A la mi-septembre, l’Australie rompait le « contrat du siècle » avec la France portant sur l’achat de sous-marins conventionnels, au profit de sous-marins à propulsion nucléaire américains. Parallèlement, les Etats-Unis annonçait un vaste partenariat de sécurité avec l’Australie et le Royaume-Uni dans la région indo-pacifique. Quels sont les déterminants stratégiques de ces décisions ? Et, qu’augurent-elles dans les nouveaux équilibres mondiaux ?
Analyse de Salam Alshareef spécialisé en économie politique, et post-doctorant au sein de la chaire de recherche Paix économique, Mindfulness et Bien-être au travail.
L’actualité a focalisé sur la rupture de contrat entre l’Australie et la France, au profit des sous-marins américains. En réalité, soulignez-vous : « Pour comprendre cette zone de l’indopacifique – dont l’évolution est décisive pour la stabilité internationale –, il est nécessaire de procéder à une analyse historique, intégrant une vision géoéconomique et politique. »
La rupture de contrat entre l’Australie et la France au profit des Etats-Unis, s’est accompagnée de la création d’une nouvelle alliance politique, nommée « Aukus », entre les Etats-Unis, le Royaume-Uni et l’Australie. Quelques jours après, Washington a accueilli le premier sommet des dirigeants de Quad – un espace de coopération sécuritaire entre l’Inde, la Japon, l’Australie et les Etats-Unis, perçu comme l’équivalent de l’OTAN en Asie. Ces partenariats visent des objectifs stratégiques mondiaux dans le contexte de basculement du centre de gravité économique vers l’Est, du conflit EU-Chine et du centre névralgique que constitue la région.
Que représente cette double alliance sur l’échiquier mondial ?
Notons tout d’abord les éléments de discours : les Etats-Unis soutiennent vouloir contrecarrer « l’agressivité chinoise » dans cette région.

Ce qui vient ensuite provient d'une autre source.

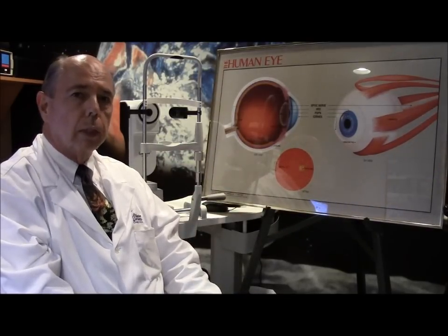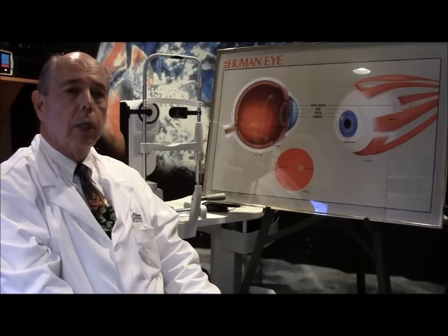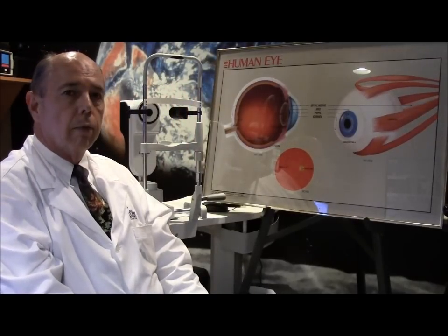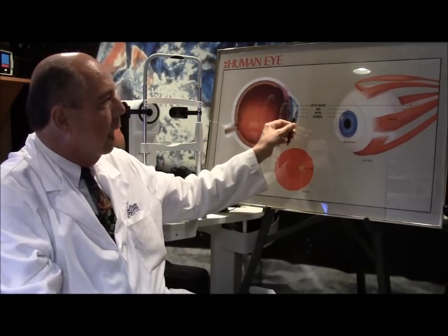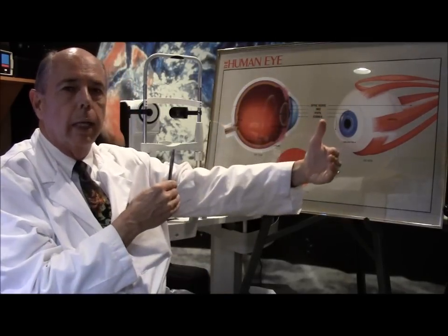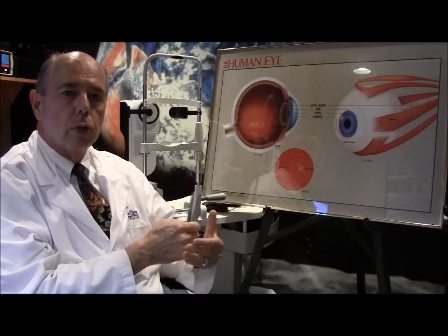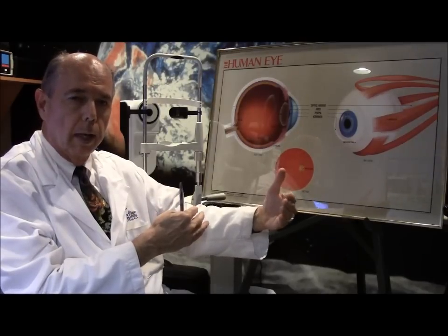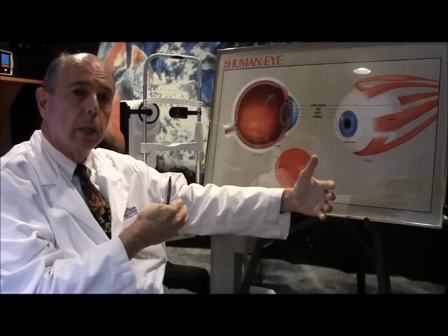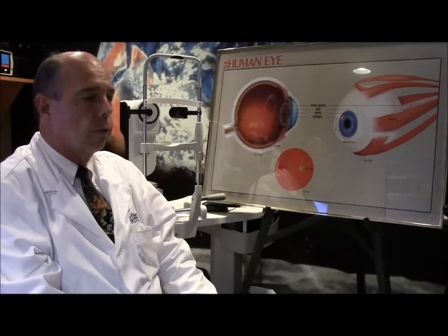What are we measuring? It's purely optics. One of the machines we use is called a LensStar, which is fantastic and very accurate. What we're doing is measuring the distance from the cornea back to your retina. That actual length is extremely important in knowing whether your eye is nearsighted or farsighted. A farsighted person typically has a shorter than normal eye, and a nearsighted person has a longer than normal eye. So the length of the eye determines whether you're nearsighted or farsighted.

La Chine, quant à elle, perçoit dans ces alliances un retour à la Guerre froide, alimentant la conflictualité et la division entre les pays de la zone indo-pacifique.

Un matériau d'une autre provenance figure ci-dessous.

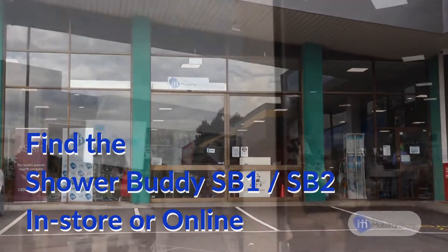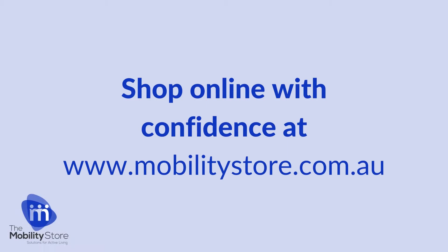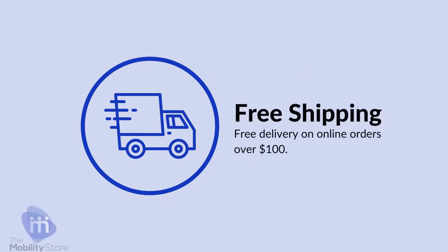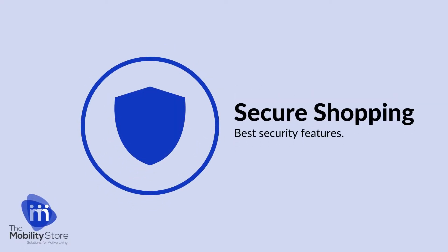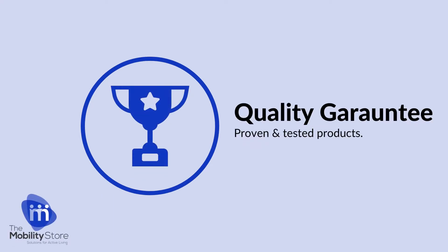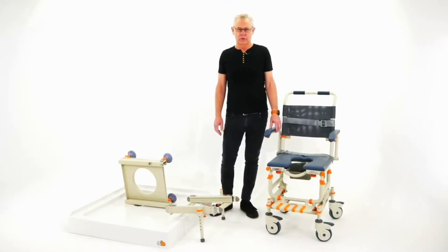I'm talking to you today as a representative of ShowerBuddy, and you're watching because you need a solution to your non-accessible bathroom. ShowerBuddy can make your bathroom accessible in a short space of time and at a very economic cost. We have many solutions for your bathroom, and today I'm going to demonstrate the original ShowerBuddy.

En effet, les tensions en mer de Chine méridionale résultent de plusieurs facteurs historiques et géostratégiques. Ces tensions perdurent depuis le XIXème siècle, où la Chine contestait les puissances coloniales qui rivalisaient d’autorité sur ces îles. Depuis 2008, le retour de ce conflit sur le devant de scène a été marqué par le pivot asiatique des Etats-Unis.
« Avec la politique « Pivot to Asia », amorcée par Obama, poursuivie par Trump et Biden, les Etats-Unis ambitionnent d’injecter 60 % des ressources totales allouées à la politique étrangère dans cette région du monde, où la Chine a été désignée comme un rival systématique », soulignez-vous. Quelles sont les motivations américaines ?

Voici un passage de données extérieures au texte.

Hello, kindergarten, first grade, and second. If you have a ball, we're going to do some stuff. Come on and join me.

Brezinski, le célèbre géo-stratège américain, a relevé qu’après la crise de 2008 : « Le changement dans la répartition de la puissance à l’échelle mondiale de l'Ouest vers l'Est est achevé. La domination mondiale par les puissances atlantiques pendant 500 ans prend fin ». Aujourd’hui, alors que le monde est devenu pluri-polaire, la structure de l’organisation internationale reste poly-centrée. En effet, notre époque est conditionnée par la tentative de certaines forces sociales, notamment aux EU, de maintenir certains éléments de l'ordre international libéral (comme la position internationale de dollar), ce qui va à l’encontre des contestations s’intensifiant de la part d’acteurs de plus en plus puissants, comme la Chine.
Non seulement la Chine a dépassé les Etats-Unis, en 2014, devenant la première économie mondiale, mais elle s’emploie à changer sa position dans la division internationale du travail passant à une économie de haute productivité qui maîtrise la haute technologie indépendamment des Etats-Unis. Cette question est l’essence même du conflit EU-Chine, car la position dans la division internationale du travail définira la part qu’on obtiendra de la richesse créée à l’échelle mondiale, ainsi que notre pouvoir politique.
Ce contexte fait appel au « piège de Thucydide », décrivant la probabilité de la guerre dans une situation où une grande puissance voit sa primauté menacée par une puissance émergente. Cependant, à l’ère nucléaire, une guerre classique entre grandes puissances est improbable. On assiste, en revanche, à l’essor d’une « guerre de la connectivité » dont l’enjeu porte sur les flux commerciaux, financiers et de la data. C’est ici qu’entre en jeu l’importance stratégique de la région indo-pacifique en tant que nœud central de connectivité.
« La mer de Chine méridionale est un cordon ombilical pour la Chine », dites-vous.
Avec le basculement du centre de gravité économique vers l’Est, plus de 40 % de l’activité économique mondiale se situe dans l’Indopacifique. Cette région est un nœud central du commerce international qui lie le Sud-Est de l’Asie (centre de production mondiale) avec l’Europe et l’Amérique de Nord (les marchés centraux de la consommation finale).
Au total, en 2010, plus de la moitié du tonnage de marchandises, et plus du tiers du pétrole mondial y transitait par transport maritime. 90% de pétrole, qui alimente la croissance chinoise, passe par le Détroit de Malaga. Le trafic y est trois fois plus important que dans le Canal de Suez et cinq fois plus élevé que dans le Canal du Panama. La région indopacifique représente donc une composante vitale de la croissance chinoise. Cette géo-économie explique la volonté chinoise de sécuriser le maritime dans la région au regard de l’intrusion accrue des Etats-Unis.
Percevant la Chine comme rivale, les Etats-Unis, grande puissance militaire, réorganisent leurs priorités stratégiques pour focaliser sur l’Indopacifique. Les contrats sous-marins, les différentes alliances créées, en sont des manifestations. Washington tente d’accroître ses actifs géopolitiques régionaux (la présence militaire et les alliances), au moment où il y existe des doutes sur la viabilité de certains alliés et partenaires régionaux, qui semblent plus intéressés par les opportunités économiques qu’ouvre la Chine plutôt que par une confrontation avec celle-ci.
Vu au prisme de la paix économique, qu’illustre ce conflit selon vous ?
Il est plus que jamais pertinent de questionner le pseudo-pragmatisme et la rationalité de la guerre : la guerre entre grandes puissances a perdu significativement sa fonction de rééquilibrage des rapports de force devant la nouvelle répartition des forces économiques et militaires mondiales, la mondialisation de l’économie et la codépendance qui en résulte. C’est pourquoi, la vision selon laquelle les guerres sont une nécessité historique est aujourd’hui moins crédible d’un point de vue objectif, indépendamment de la position éthique.
Le recours à la militarisation et à la logique de confrontation illustrent donc la déconnexion accrue de la sphère politique des impératifs vitaux, environnementaux et sociaux actuels, et au regard du potentiel créateur d’intelligence collective de l’humanité, qui n’a jamais était aussi avancé scientifiquement qu’aujourd’hui.